Fatal bike accidents don’t always Involve motorists
Steven Covey's fatal bike accident and what you should do to stay safe on the road
You might be familiar with the bestselling book The 7 Habits of Highly Effective People; it was to the business community in the 1990s what the KonMari method book was to home decor enthusiasts in the 2000s.
Steven R. Covey, the author, sold more than 40 million copies, and the “Covey Time Management Matrix,” which provided a framework for time management, became ubiquitous in boardrooms and classrooms worldwide. Covey went on to publish several other books about self-help and business philosophy and became a university professor and motivational speaker.
Sadly, Covey’s legacy is what remains of his unique ideas about business. In April 2012, Covey was killed in a bike accident. He was coasting down a hill when his bike flipped forward, causing Covey to hit his head on the pavement and lose consciousness. He was reportedly wearing a helmet, but it apparently slipped out of place and didn’t protect his head enough to save him.

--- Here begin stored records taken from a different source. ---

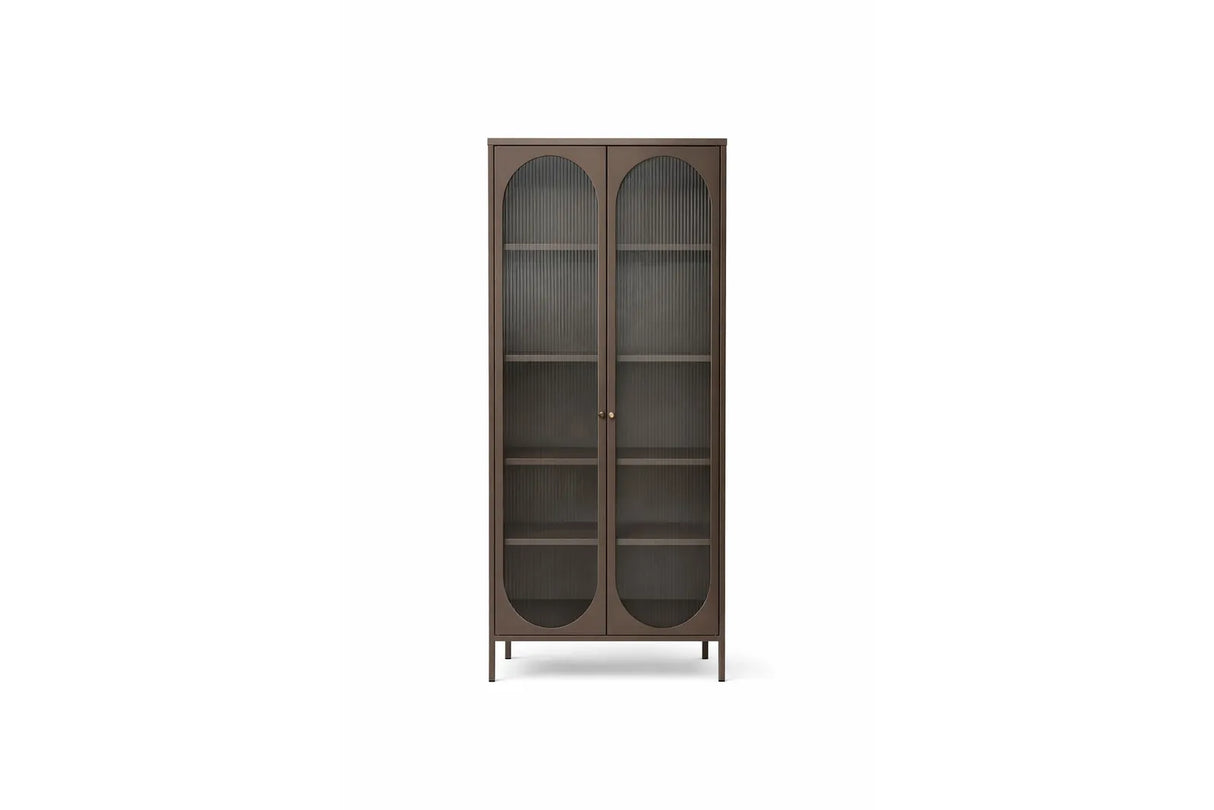 Regal Lima aus Stahl mit Glas in braun, 80x35x180 cm von Venture Home – Bild 3
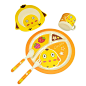 竹纤维儿童餐具套装卡通餐具分格辅食碗餐盘杯子筷叉勺套装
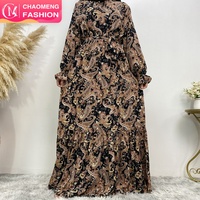 6373 #   Robe élégante en mousseline de soie à volants avec motif chic, col plissé et détails de couture à nouer
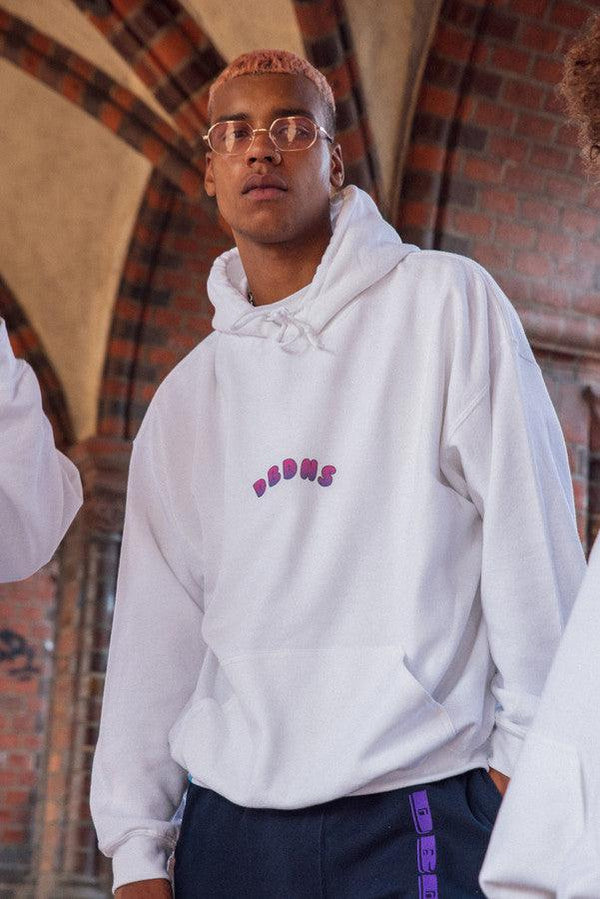 Hoodie in White with Grape Bubble Logo Print by Dreambutdonotsleep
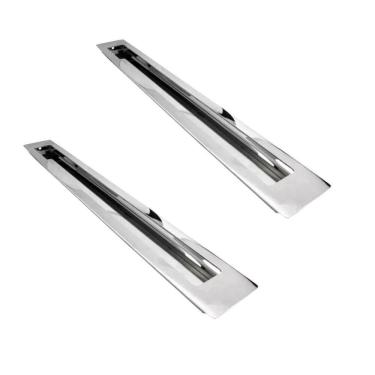 Imagem de Kit 2 Puxador Concha Embutir Porta Inox Polido Cromado 45 Cm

While Covey’s accident was a tragic loss of a life well-lived, it doesn’t sound as though it was anyone’s fault—it was a true accident.
However, there are preventable bicyclist fatalities.
Bicycle accident statistics
The U.S. Department of Transportation reported that there were nearly 1,0000 bicyclist fatalities in 2020 nationwide. In 57 percent of these fatalities, the riders weren't wearing helmets.
Additionally, 88 percent of the bike accident fatalities in 2020 were men over the age of 20. This number has quadrupled since 1975, but it’s possible that it’s the proportional result of a higher number of cyclists in this demographic.
Most common causes of bike accidents with motor vehicles
There are a variety of reasons why people get hurt on the road. Here are a few of the most common:
- Speeding. Both motorists and bicyclists can cause accidents by going too fast.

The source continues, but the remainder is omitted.